Stalling donations masked by rising legacy income, Third Sector study finds

Total giving to the top 10 charities has grown by 2.4 per cent in three years, but this has mostly been supported by an increase in legacy income of 13.5 per cent

Donations to the top 10 fundraising charities appear to have stalled over the past three years, but this has been masked by a growth in legacy income, analysis by Third Sector has found.

Total giving to the top 10 charities by fundraising income has grown by 2.4 per cent over the past three years, from £1.76bn to £1.8bn.

But Third Sector found this growth was mostly supported by a rise in the value of gifts left to charities in wills, while for many of the biggest fundraising charities other types of donations have fallen.

Between 2015/16 – or the nearest year for which the charities’ accounts were available – and 2017/18, legacy income rose by 13.5 per cent, from £621.2m to £705.3m.

Meanwhile, income from other kinds of donations, which was £1.14bn in 2015/16, fell to £1.1bn in 2016/17. It climbed slightly in 2017/18, but only by £2m, and there was still a 3.6 per cent drop across the three years.

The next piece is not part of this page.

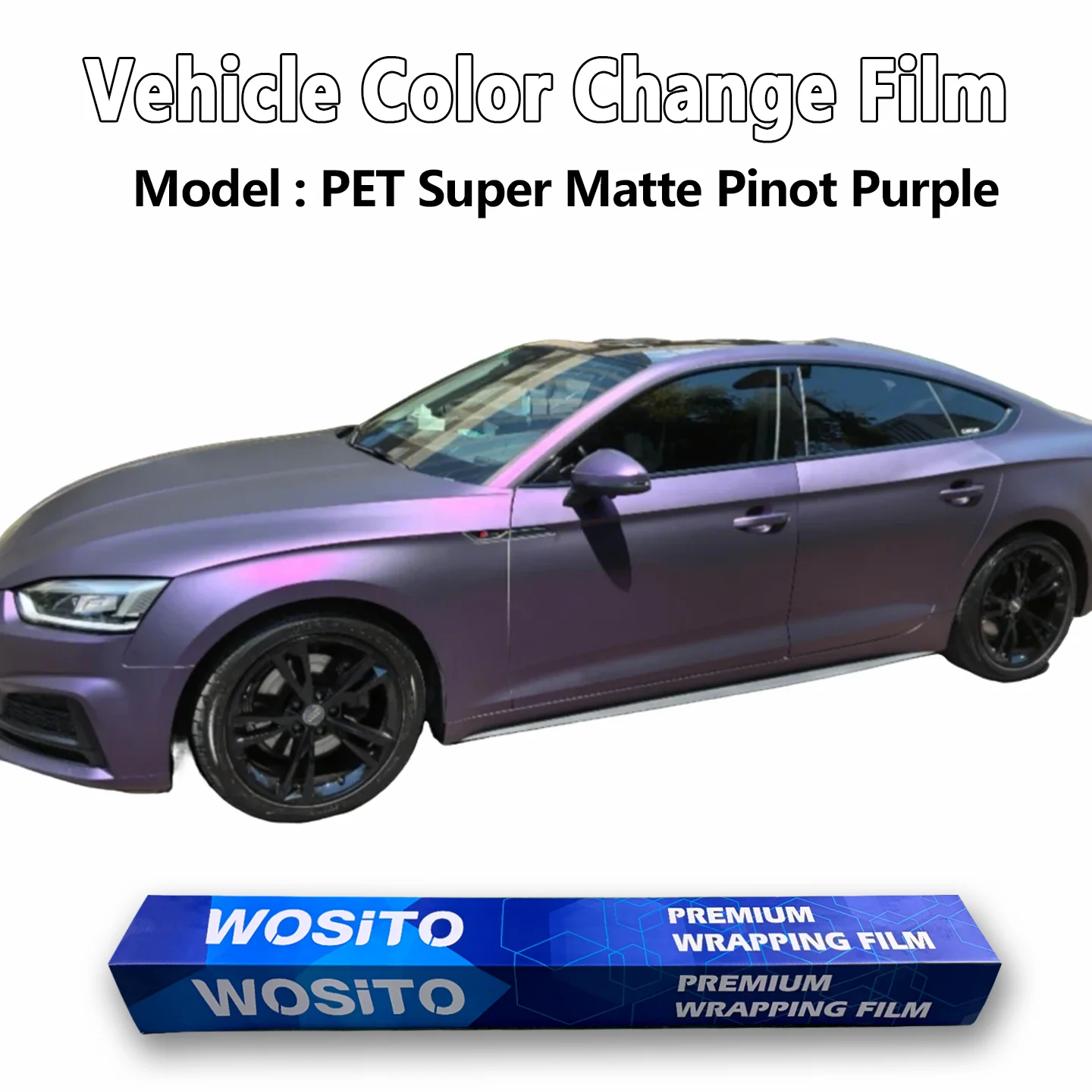 

PET Satin Noir Purple Car Wrap Film Matte Vinyl Roll Automotive Color Change Full Body Scratch Resistant OEM Factory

The figures form the basis for an analysis article in the latest edition of Third Sector magazine, out now, which also looks at data from other bellwether charities, including Comic Relief.

In the article, Meg Abdy, development director of the legacy consortium Legacy Foresight, said the rise in legacy income was due to rising house prices because, rather than leaving fixed amounts to charity, many people were leaving portions of the value of their estates, including houses.

But she warned that Brexit might have a negative impact on legacies.

"I don’t think charities can rely on legacy income to bolster voluntary income the way it has in the past three or four years," she said.

Nick Pride, fundraising strategy director at the creative agency WPN Chameleon and former deputy head of fundraising at Oxfam, said the sector needed to respond to the warning signs before it was too late.

"I think most people are reaching the conclusion that we can’t carry on as we have been," he said.

"We’ll reach the point at which the money will continue to decline and we won’t have a better answer. We have to change."